(Brief descriptive captions)
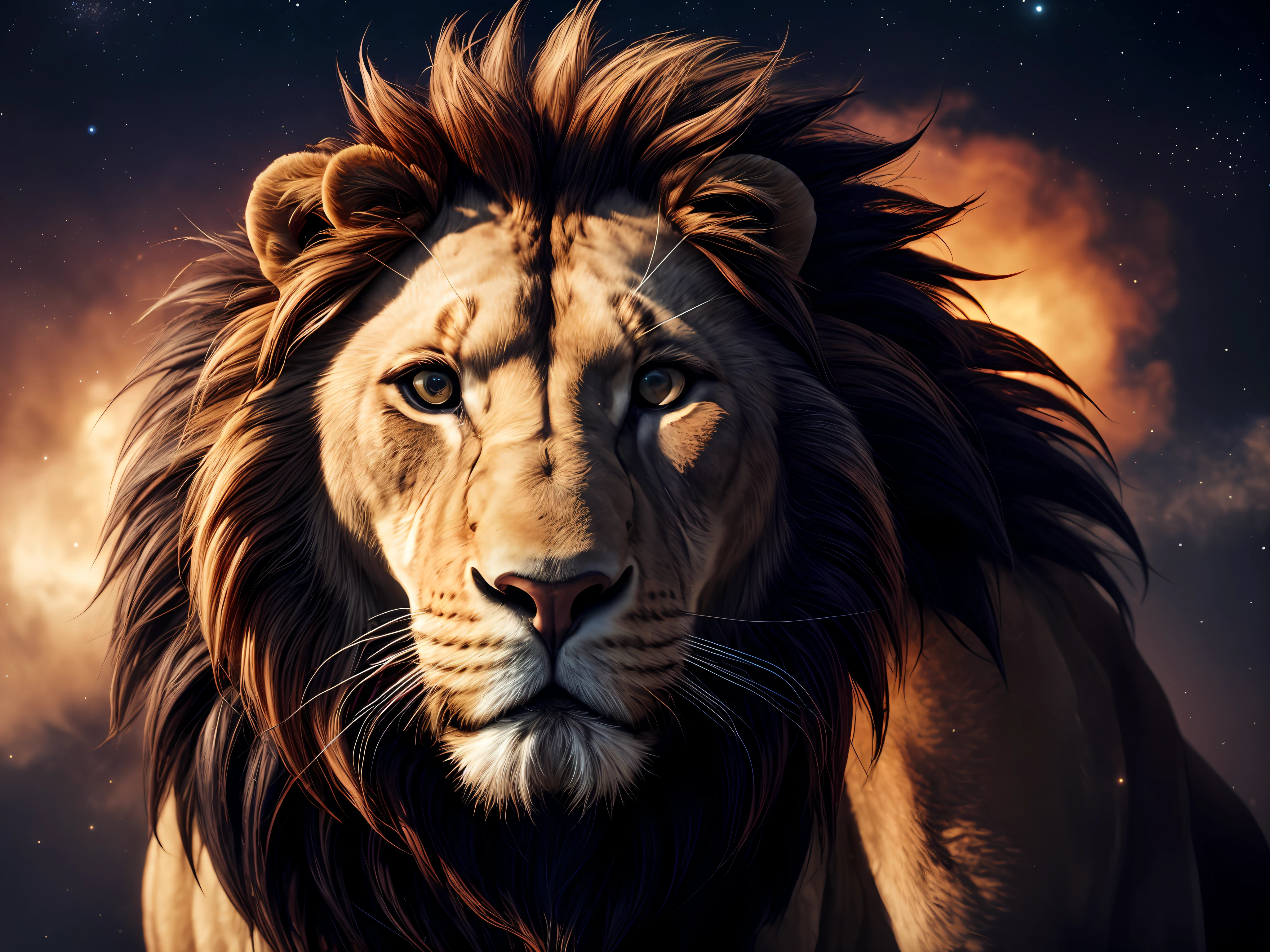 Galaxies, spirals, space, nebulae, stars, smoke, iridescent, intricate detail, in the shape of a lion, octane render, 8k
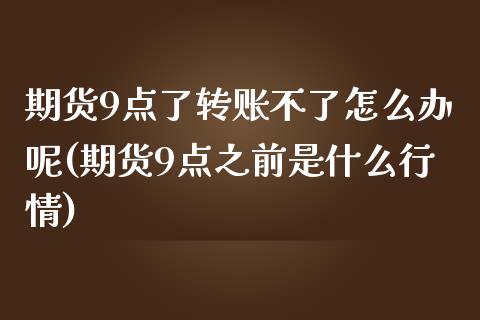 期货9点了转账不了怎么办呢(期货9点之前是什么行情)_https://www.zztgc.com_期货行情_第1张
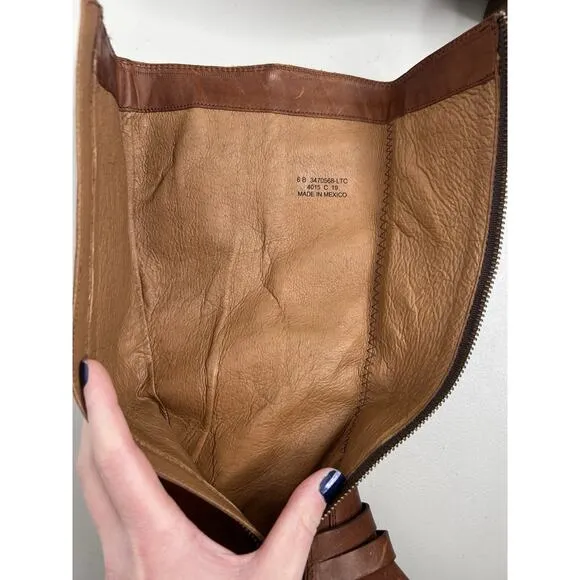 Frye Melissa Belted Tall Riding Brown Cognac Boots Size 6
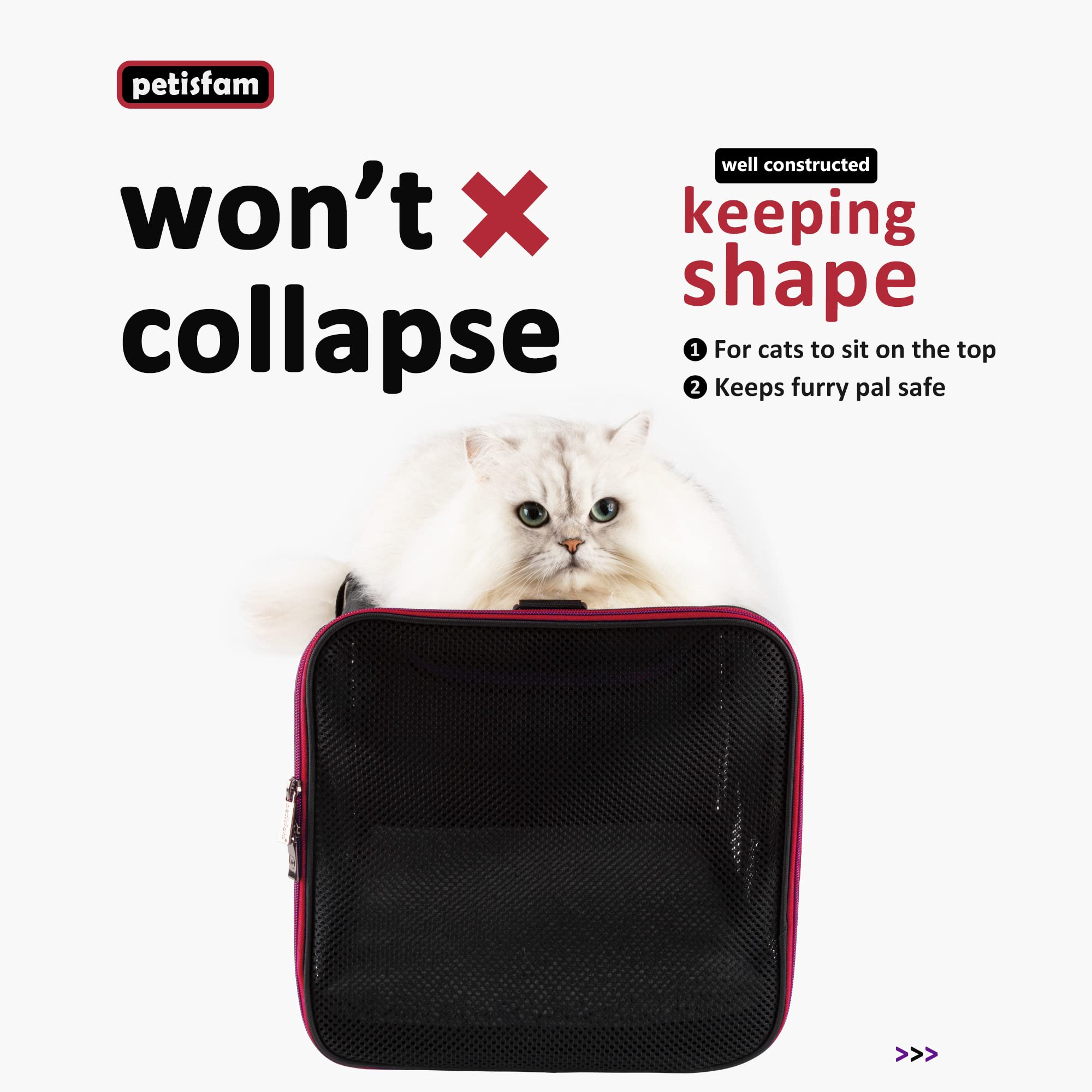 Soft Pet Carrier For Medium And Large Cats, 2 Kitties And Small Dogs (Large, Black W/Red Trim)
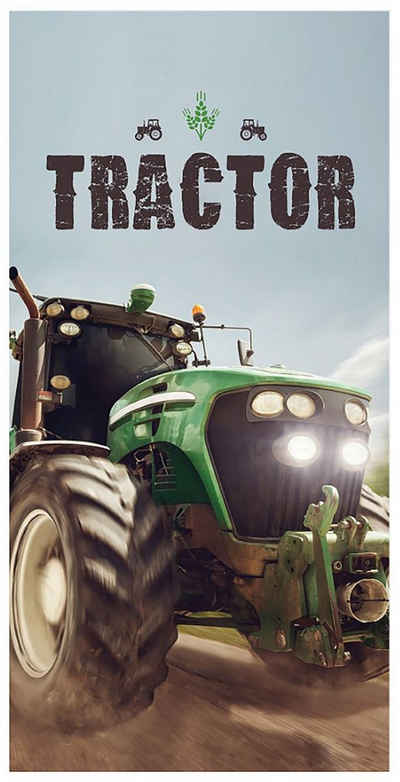 BrandMac Strandtuch Traktor auf dem Feld Badehandtuch 140 x 70 cm, Baumwolle
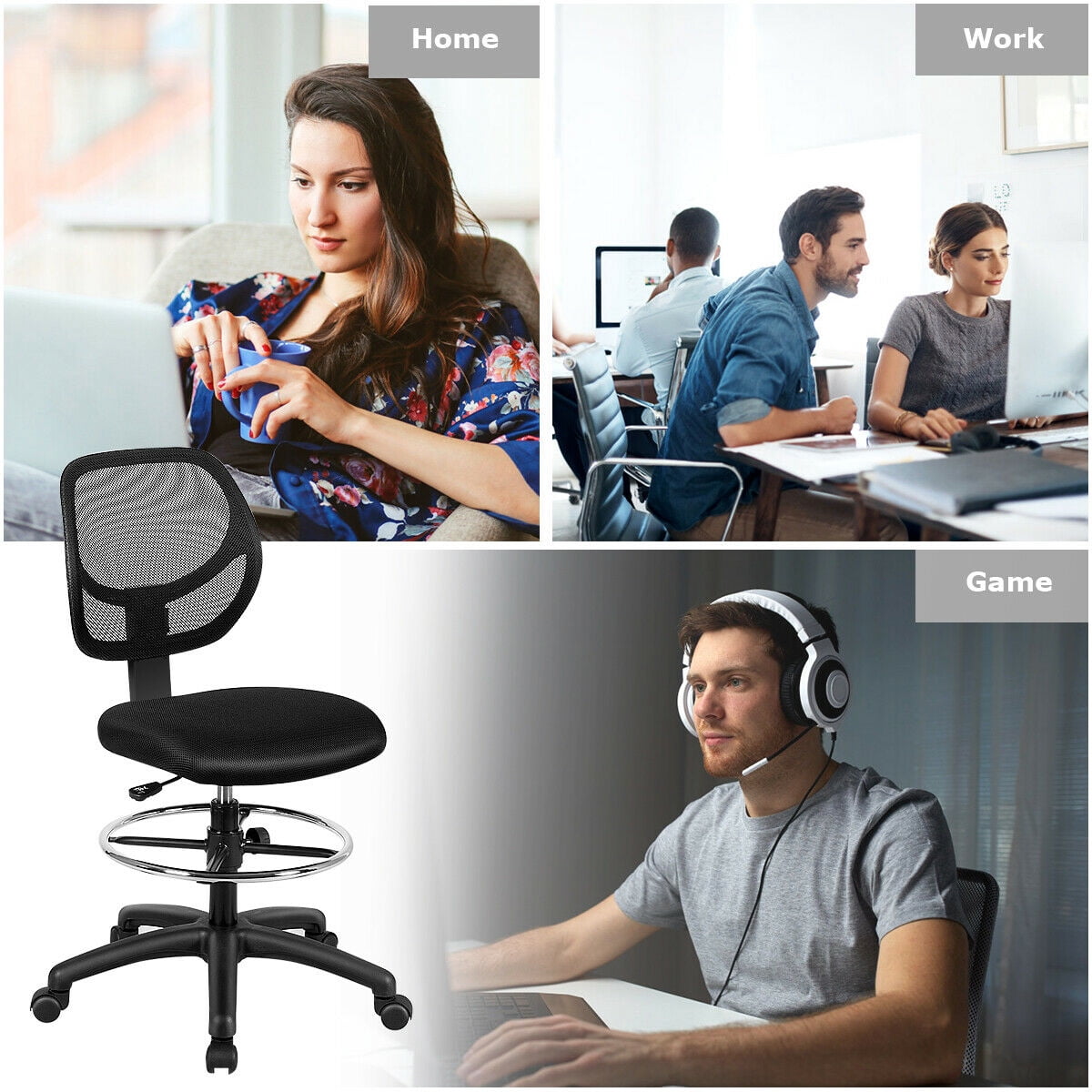 Gymax Mesh Drafting Chair Mid Back Office Chair Adjustable Height w/Footrest Armless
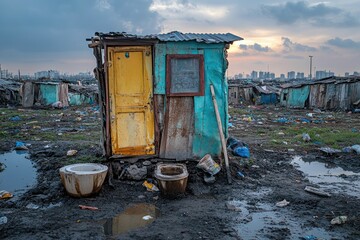 Lack of sanitation in poor residential area with broken-down structures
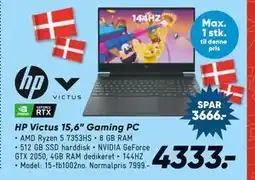 Bilka HP Victus 15,6” Gaming PC, DKK 4333 tilbud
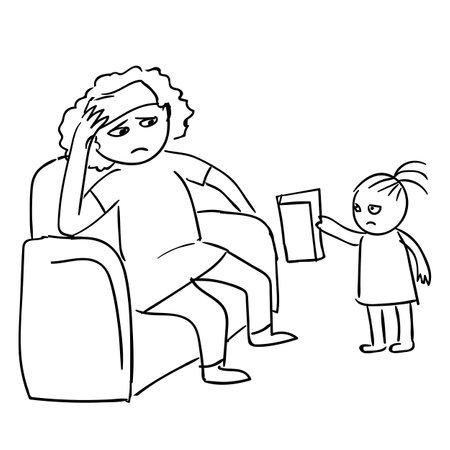 Problems with a child in the familyのイラスト素材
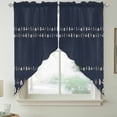 thumbnail image 2 of Rustic Botanical Swag Curtains for Kitchen/Bedroom/Living Room, Japanese Herb on Black Simple Art Scalloped Curtains 63 Inch Long, Rod Pocket Window Swag Topper Curtains Valances 2 Panels Set 36"x63", 2 of 8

→ **Try it**
Repeat exactly the line containing "Gymax Mesh Drafting" and every line after it through the end of the records, and nothing else. Leave the pictures out.

→ **Response area**
 Gymax Mesh Drafting Chair Mid Back Office Chair Adjustable Height w/Footrest Armless
 Lack of sanitation in poor residential area with broken-down structures
 Bilka HP Victus 15,6” Gaming PC, DKK 4333 tilbud
 Problems with a child in the familyのイラスト素材
 thumbnail image 2 of Rustic Botanical Swag Curtains for Kitchen/Bedroom/Living Room, Japanese Herb on Black Simple Art Scalloped Curtains 63 Inch Long, Rod Pocket Window Swag Topper Curtains Valances 2 Panels Set 36"x63", 2 of 8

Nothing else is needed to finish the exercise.